In some examples, the Authorization Gateway 108 maintains an in-memory hash table data structure that maps Authorization Gateway tokens (T_AG) to corresponding user credential objects. Each credential object contains pointers to cached OAuth tokens, vault tokens, and temporary credentials, organized in a tree structure indexed by resource identifiers. This data structure enables efficient lookup time for credential retrieval while maintaining memory efficiency through automatic garbage collection of expired tokens. In some examples, the system implements a least-recently-used (LRU) cache eviction policy to manage memory consumption when the credential cache approaches predetermined size limits.

In some examples, the cloud credential negotiator 932 implements a connection pooling mechanism that maintains persistent HTTP/HTTPS connections to frequently accessed cloud security token services and identity providers. This reduces network latency by eliminating the overhead of establishing new SSL/TLS handshakes for each authentication request. The system dynamically adjusts connection pool sizes based on observed request patterns, with separate pools maintained for different authentication protocols (OAuth 2.0, SAML 2.0, proprietary APIs). Network requests are queued and batched where possible to minimize round-trip delays, particularly for bulk credential refresh operations.

In some examples, the Authorization Gateway employs asynchronous processing techniques to handle multiple credential negotiation requests concurrently without blocking system operations. A thread pool executor manages background tasks for token refresh operations, while the main processing thread continues handling new requests. The system implements non-blocking I/O operations when communicating with external identity providers, using callback mechanisms to process responses without thread blocking. This architecture enables the system to maintain responsiveness even when individual cloud platforms experience high latency.

In some examples, to enhance both security and performance, the system implements secure token storage using hardware security modules (HSMs) or software-based key derivation functions to encrypt cached credentials at rest. The encryption keys are rotated based on configurable time intervals, with seamless key transitions that do not interrupt ongoing operations. Additionally, the system maintains separate computational threads for cryptographic operations to prevent blocking of the main credential negotiation workflow, utilizing vectorized processing instructions where available to accelerate encryption and decryption operations.
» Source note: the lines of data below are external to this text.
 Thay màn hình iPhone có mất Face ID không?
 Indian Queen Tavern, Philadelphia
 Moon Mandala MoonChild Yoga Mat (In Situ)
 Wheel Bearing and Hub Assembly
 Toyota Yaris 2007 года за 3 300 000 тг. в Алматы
Cloud platforms as described herein can be categorized by their technical authentication architectures. Type A platforms are OAuth-based with direct STS interaction (technical characteristics: stateless token validation, RESTful API endpoints, JSON Web Token format). Type B platforms are broker-mediated authentication requiring intermediate token exchange (technical characteristics: multi-stage authentication pipeline, proprietary token formats, stateful session management). Type C platforms are direct credential mapping systems (technical characteristics: embedded identity stores, native token translation, synchronous authentication validation)
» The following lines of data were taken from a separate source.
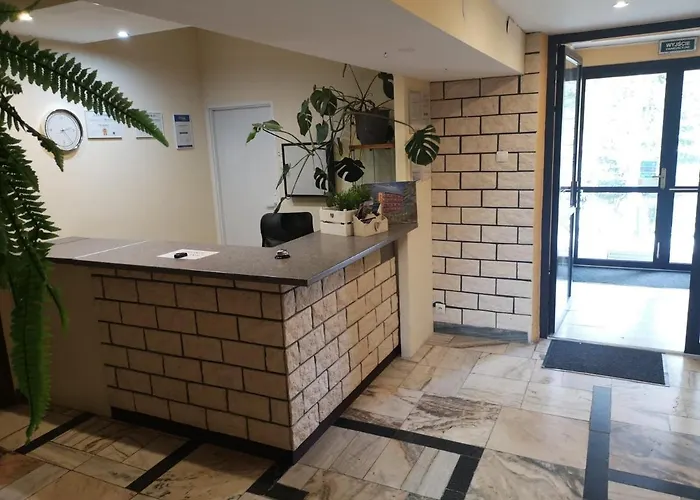 Vakantiepark Osrodek Wypoczynkowy Baska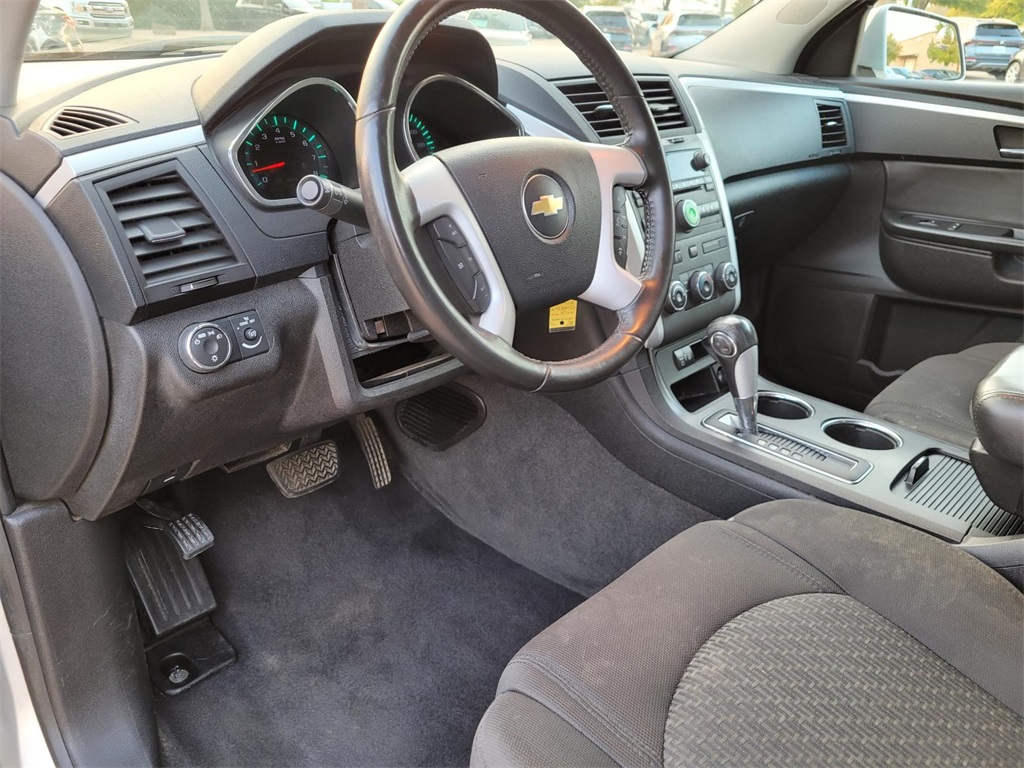 used 2012 Chevrolet Traverse car, priced at $6,299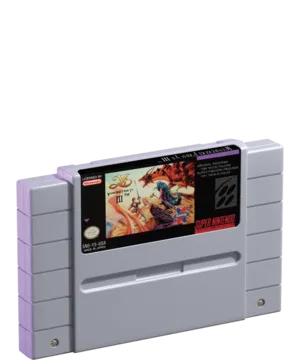 Ys III: Wanderers from Ys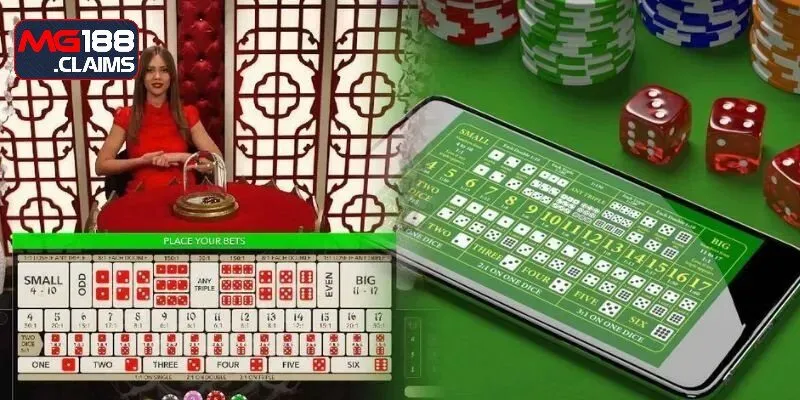 Tài Xỉu online mẹo thắng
A number of embodiments of the invention have been described. Nevertheless, it is to be understood that the foregoing description is intended to illustrate and not to limit the scope of the invention, which is defined by the scope of the following claims. Accordingly, other embodiments are also within the scope of the following claims. For example, various modifications may be made without departing from the scope of the invention. Additionally, some of the steps described above may be order independent, and thus can be performed in an order different from that described.